REQUIRED WORK >> Only the lines from the one containing "Solado Cut Out Asymmetrical Hem Long Sleeve Top 12" through the end of the data belong in the answer; reproduce them exactly.
══ RECORDS SUPPLIED
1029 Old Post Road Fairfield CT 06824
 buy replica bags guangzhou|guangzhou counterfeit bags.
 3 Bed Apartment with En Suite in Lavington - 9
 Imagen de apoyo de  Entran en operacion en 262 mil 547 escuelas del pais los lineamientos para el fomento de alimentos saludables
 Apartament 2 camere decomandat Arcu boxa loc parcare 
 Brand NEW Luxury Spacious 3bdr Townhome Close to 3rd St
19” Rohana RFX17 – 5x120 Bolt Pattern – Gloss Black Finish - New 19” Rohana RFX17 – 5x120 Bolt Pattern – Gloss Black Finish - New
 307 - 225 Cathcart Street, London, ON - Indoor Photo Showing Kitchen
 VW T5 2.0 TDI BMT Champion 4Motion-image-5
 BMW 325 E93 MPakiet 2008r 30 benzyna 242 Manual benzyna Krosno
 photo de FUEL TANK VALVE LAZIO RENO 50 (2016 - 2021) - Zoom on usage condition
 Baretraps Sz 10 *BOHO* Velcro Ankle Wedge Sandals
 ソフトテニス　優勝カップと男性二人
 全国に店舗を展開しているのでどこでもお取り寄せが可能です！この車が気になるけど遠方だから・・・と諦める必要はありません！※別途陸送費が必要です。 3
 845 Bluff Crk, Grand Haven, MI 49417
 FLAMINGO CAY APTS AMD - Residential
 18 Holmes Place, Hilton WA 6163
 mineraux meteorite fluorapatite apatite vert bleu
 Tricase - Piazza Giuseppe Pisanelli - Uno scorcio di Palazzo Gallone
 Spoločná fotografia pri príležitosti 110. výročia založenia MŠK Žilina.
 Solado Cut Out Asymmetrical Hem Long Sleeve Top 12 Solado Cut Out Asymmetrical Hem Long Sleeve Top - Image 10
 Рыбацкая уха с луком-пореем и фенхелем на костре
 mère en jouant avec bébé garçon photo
════
ANSWER SPACE >>
 Solado Cut Out Asymmetrical Hem Long Sleeve Top 12 Solado Cut Out Asymmetrical Hem Long Sleeve Top - Image 10
 Рыбацкая уха с луком-пореем и фенхелем на костре
 mère en jouant avec bébé garçon photo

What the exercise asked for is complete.